Provided material
=== Begin Enclosure ===

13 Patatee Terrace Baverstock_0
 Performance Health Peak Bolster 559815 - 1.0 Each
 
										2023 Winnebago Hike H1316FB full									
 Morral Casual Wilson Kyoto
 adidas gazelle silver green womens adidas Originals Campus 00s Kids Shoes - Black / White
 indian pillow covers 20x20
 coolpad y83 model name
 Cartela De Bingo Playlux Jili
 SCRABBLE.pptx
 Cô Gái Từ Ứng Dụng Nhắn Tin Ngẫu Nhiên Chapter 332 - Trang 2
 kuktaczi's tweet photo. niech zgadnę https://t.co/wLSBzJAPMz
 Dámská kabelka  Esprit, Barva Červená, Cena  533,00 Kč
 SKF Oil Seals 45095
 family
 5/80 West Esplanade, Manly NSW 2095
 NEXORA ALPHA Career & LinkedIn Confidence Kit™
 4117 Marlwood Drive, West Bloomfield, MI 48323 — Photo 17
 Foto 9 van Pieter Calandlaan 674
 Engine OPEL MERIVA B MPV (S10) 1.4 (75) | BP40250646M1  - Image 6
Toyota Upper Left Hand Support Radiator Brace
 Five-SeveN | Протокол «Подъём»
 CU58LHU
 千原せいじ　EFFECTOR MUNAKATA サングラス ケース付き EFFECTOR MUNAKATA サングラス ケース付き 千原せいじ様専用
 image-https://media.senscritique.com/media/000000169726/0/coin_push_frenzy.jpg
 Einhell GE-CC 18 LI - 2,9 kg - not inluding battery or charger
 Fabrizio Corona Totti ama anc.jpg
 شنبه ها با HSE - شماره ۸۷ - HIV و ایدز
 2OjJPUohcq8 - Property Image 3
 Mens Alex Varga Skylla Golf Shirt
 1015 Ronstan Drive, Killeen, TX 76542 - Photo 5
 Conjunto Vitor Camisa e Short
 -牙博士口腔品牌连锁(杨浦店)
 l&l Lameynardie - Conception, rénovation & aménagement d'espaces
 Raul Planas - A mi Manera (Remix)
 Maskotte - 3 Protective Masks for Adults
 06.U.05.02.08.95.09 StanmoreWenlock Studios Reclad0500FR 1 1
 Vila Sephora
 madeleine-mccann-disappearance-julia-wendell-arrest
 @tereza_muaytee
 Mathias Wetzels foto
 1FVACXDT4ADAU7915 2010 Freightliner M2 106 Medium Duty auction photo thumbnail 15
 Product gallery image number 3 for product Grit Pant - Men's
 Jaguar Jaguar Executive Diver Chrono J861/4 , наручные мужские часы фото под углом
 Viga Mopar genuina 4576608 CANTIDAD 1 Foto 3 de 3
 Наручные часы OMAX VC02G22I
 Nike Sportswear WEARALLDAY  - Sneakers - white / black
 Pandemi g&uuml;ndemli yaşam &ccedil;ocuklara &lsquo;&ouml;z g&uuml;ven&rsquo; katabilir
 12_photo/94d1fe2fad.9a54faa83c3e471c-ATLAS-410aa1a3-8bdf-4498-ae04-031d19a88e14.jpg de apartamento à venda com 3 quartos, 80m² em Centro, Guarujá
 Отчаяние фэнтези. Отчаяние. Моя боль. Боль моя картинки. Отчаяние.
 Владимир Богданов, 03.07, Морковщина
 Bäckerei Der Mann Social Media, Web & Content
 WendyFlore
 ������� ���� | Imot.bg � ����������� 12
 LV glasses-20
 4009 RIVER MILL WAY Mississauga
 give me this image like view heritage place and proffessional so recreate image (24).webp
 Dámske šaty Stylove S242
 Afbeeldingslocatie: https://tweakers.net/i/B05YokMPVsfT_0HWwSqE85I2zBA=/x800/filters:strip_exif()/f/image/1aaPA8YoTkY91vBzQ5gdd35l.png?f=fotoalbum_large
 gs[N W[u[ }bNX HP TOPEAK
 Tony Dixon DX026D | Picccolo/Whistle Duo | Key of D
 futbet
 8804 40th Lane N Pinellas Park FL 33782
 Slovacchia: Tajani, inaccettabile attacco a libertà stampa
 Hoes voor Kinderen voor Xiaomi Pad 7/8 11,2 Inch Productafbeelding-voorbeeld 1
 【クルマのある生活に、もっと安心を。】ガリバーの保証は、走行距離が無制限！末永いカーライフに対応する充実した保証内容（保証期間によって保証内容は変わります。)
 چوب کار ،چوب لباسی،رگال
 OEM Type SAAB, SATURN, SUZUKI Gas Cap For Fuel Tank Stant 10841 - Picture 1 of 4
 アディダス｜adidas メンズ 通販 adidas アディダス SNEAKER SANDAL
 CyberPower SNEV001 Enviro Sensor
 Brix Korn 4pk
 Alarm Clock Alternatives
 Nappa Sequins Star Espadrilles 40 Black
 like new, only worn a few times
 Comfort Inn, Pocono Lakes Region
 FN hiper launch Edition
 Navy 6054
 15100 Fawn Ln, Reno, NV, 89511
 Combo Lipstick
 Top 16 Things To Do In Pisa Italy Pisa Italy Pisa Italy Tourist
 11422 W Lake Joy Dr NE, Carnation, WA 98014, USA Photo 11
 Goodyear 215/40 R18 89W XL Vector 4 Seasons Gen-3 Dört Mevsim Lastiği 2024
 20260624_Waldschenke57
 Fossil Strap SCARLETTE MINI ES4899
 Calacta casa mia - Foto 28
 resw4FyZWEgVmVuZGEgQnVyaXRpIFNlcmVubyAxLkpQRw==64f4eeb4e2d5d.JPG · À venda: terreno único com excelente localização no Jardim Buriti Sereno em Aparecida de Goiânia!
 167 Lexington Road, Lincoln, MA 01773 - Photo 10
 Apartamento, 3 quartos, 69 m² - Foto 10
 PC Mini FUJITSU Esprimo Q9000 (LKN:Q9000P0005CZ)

=== End Enclosure ===

How to complete this task
Beginning at the first line of the records, retype exactly every line up to and including the one with "Einhell GE-CC 18".

Output of the exercise
13 Patatee Terrace Baverstock_0
 Performance Health Peak Bolster 559815 - 1.0 Each
 
										2023 Winnebago Hike H1316FB full									
 Morral Casual Wilson Kyoto
 adidas gazelle silver green womens adidas Originals Campus 00s Kids Shoes - Black / White
 indian pillow covers 20x20
 coolpad y83 model name
 Cartela De Bingo Playlux Jili
 SCRABBLE.pptx
 Cô Gái Từ Ứng Dụng Nhắn Tin Ngẫu Nhiên Chapter 332 - Trang 2
 kuktaczi's tweet photo. niech zgadnę https://t.co/wLSBzJAPMz
 Dámská kabelka  Esprit, Barva Červená, Cena  533,00 Kč
 SKF Oil Seals 45095
 family
 5/80 West Esplanade, Manly NSW 2095
 NEXORA ALPHA Career & LinkedIn Confidence Kit™
 4117 Marlwood Drive, West Bloomfield, MI 48323 — Photo 17
 Foto 9 van Pieter Calandlaan 674
 Engine OPEL MERIVA B MPV (S10) 1.4 (75) | BP40250646M1  - Image 6
Toyota Upper Left Hand Support Radiator Brace
 Five-SeveN | Протокол «Подъём»
 CU58LHU
 千原せいじ　EFFECTOR MUNAKATA サングラス ケース付き EFFECTOR MUNAKATA サングラス ケース付き 千原せいじ様専用
 image-https://media.senscritique.com/media/000000169726/0/coin_push_frenzy.jpg
 Einhell GE-CC 18 LI - 2,9 kg - not inluding battery or charger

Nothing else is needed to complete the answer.